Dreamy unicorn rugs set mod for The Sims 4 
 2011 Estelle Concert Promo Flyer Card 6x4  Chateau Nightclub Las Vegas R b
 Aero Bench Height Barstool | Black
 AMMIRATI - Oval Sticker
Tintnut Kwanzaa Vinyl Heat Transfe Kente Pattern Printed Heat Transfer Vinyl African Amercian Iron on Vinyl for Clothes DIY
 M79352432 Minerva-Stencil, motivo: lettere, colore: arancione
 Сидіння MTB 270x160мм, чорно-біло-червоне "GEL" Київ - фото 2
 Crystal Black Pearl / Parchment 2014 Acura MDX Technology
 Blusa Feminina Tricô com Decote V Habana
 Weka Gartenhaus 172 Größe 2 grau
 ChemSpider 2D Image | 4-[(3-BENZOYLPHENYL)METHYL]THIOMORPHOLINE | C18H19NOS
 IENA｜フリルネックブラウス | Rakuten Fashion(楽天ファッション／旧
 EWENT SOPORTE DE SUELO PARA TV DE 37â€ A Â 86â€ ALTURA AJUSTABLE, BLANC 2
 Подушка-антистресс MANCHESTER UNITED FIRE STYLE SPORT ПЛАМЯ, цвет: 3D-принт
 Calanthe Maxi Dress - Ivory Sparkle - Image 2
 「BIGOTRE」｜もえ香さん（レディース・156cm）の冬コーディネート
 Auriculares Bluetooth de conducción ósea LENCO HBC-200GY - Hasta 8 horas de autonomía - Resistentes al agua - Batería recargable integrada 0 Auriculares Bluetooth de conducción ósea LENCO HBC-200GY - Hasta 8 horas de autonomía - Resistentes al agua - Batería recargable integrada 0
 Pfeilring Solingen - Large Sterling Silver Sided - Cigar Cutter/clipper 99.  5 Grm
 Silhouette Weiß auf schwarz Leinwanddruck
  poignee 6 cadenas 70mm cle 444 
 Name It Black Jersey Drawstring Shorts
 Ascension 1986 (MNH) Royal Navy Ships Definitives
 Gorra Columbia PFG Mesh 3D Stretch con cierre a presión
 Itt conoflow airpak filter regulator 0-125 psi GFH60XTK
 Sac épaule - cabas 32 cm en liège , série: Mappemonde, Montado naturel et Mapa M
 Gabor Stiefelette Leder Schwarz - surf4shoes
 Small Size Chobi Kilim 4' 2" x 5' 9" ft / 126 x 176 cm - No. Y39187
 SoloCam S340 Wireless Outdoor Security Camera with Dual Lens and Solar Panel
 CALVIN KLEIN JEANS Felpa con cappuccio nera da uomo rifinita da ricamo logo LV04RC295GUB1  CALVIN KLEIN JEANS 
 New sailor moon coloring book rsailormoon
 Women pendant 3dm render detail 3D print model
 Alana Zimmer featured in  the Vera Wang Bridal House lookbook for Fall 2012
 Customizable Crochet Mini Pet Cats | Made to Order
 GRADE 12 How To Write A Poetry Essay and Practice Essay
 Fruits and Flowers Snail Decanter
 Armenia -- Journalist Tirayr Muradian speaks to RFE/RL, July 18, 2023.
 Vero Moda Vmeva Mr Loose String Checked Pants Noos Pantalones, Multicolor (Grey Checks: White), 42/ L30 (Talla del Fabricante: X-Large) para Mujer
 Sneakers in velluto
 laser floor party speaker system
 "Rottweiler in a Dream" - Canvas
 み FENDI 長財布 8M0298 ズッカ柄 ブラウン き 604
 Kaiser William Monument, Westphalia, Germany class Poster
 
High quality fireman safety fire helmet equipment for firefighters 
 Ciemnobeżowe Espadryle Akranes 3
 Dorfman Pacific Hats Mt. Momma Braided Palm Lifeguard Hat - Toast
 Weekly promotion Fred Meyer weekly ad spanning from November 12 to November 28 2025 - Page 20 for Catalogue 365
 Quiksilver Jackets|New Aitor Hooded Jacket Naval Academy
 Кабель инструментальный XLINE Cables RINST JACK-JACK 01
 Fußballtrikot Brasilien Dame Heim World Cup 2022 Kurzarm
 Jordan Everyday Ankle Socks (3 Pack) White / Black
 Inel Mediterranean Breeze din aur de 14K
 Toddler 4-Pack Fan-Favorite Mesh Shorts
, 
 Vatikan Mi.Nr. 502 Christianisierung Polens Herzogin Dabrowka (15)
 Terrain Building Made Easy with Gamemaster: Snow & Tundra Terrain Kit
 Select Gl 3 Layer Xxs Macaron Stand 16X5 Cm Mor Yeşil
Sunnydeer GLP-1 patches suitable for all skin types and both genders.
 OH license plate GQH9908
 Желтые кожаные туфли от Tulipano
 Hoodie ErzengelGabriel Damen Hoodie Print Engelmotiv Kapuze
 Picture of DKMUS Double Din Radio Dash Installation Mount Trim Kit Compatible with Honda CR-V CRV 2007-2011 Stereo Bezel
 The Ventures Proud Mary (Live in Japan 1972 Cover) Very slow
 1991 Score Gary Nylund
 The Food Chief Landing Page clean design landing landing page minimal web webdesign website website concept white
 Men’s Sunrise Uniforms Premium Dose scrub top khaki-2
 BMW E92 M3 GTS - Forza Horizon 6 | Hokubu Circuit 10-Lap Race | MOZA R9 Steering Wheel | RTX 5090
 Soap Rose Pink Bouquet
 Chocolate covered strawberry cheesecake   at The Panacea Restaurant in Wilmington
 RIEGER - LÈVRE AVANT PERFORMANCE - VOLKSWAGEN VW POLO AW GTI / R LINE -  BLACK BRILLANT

# AIM OF THE EXERCISE
Starting with the line above that holds "Ascension 1986 (MNH)" and stopping with the line that holds "New sailor moon coloring book rsailormoon", reproduce each line exactly, omitting all other lines.

# TASK ANSWER
 Ascension 1986 (MNH) Royal Navy Ships Definitives
 Gorra Columbia PFG Mesh 3D Stretch con cierre a presión
 Itt conoflow airpak filter regulator 0-125 psi GFH60XTK
 Sac épaule - cabas 32 cm en liège , série: Mappemonde, Montado naturel et Mapa M
 Gabor Stiefelette Leder Schwarz - surf4shoes
 Small Size Chobi Kilim 4' 2" x 5' 9" ft / 126 x 176 cm - No. Y39187
 SoloCam S340 Wireless Outdoor Security Camera with Dual Lens and Solar Panel
 CALVIN KLEIN JEANS Felpa con cappuccio nera da uomo rifinita da ricamo logo LV04RC295GUB1  CALVIN KLEIN JEANS 
 New sailor moon coloring book rsailormoon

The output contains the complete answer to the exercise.